### Given data

##########

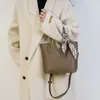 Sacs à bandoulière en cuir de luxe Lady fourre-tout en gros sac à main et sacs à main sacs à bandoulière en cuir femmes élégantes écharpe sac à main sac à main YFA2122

##########

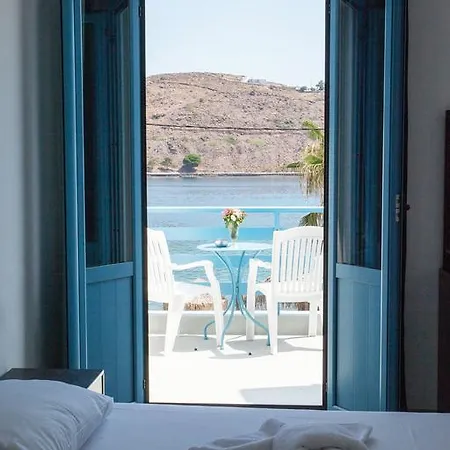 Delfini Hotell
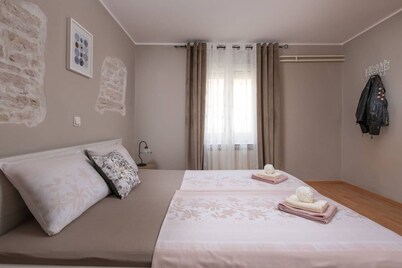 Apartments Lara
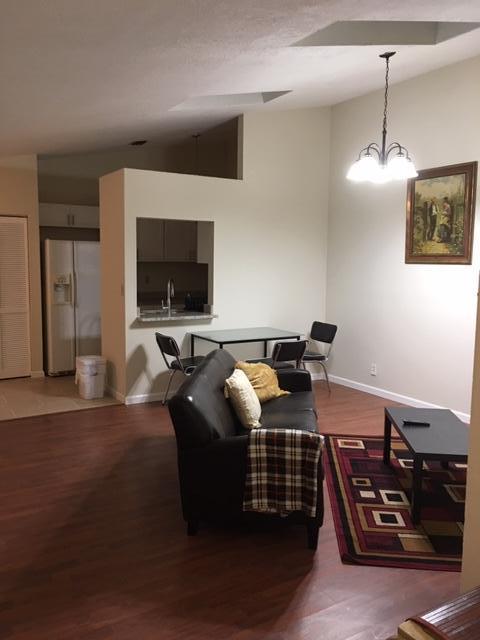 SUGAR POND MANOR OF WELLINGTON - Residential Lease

##########

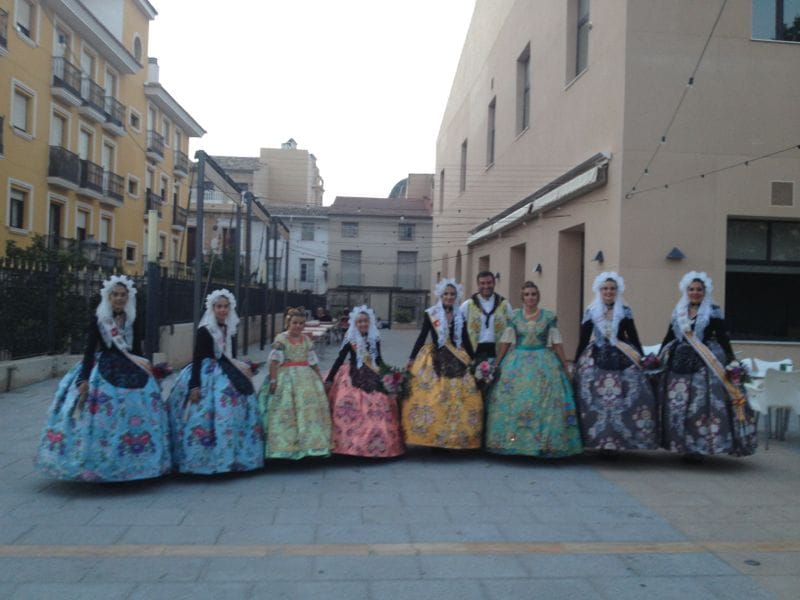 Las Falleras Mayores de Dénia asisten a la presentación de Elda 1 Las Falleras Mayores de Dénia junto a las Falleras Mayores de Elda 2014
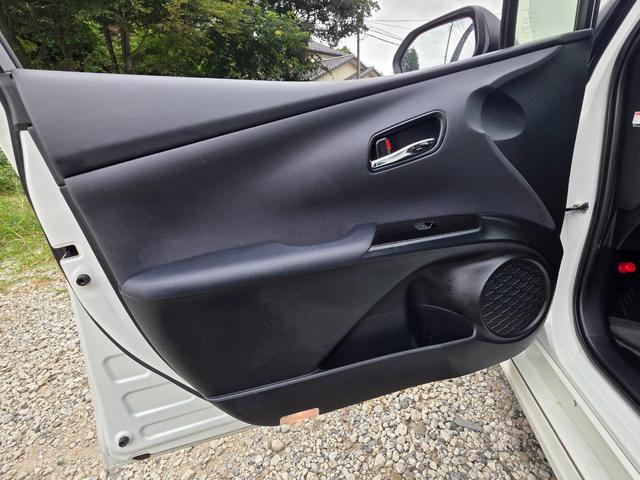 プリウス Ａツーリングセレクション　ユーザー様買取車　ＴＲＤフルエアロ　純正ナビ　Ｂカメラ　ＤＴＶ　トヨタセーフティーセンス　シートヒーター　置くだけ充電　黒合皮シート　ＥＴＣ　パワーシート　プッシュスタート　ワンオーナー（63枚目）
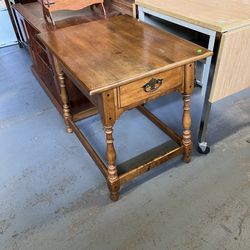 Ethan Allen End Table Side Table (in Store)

##########

### What you should do
Only one part of the material above is wanted: the lines from the one with "Las Falleras Mayores de Dénia asisten" up to and including the one with "Ethan Allen End Table Side Table (in Store)". Please copy them exactly, pictures left out.

### Your response
 Las Falleras Mayores de Dénia asisten a la presentación de Elda 1 Las Falleras Mayores de Dénia junto a las Falleras Mayores de Elda 2014
 プリウス Ａツーリングセレクション　ユーザー様買取車　ＴＲＤフルエアロ　純正ナビ　Ｂカメラ　ＤＴＶ　トヨタセーフティーセンス　シートヒーター　置くだけ充電　黒合皮シート　ＥＴＣ　パワーシート　プッシュスタート　ワンオーナー（63枚目）
 Ethan Allen End Table Side Table (in Store)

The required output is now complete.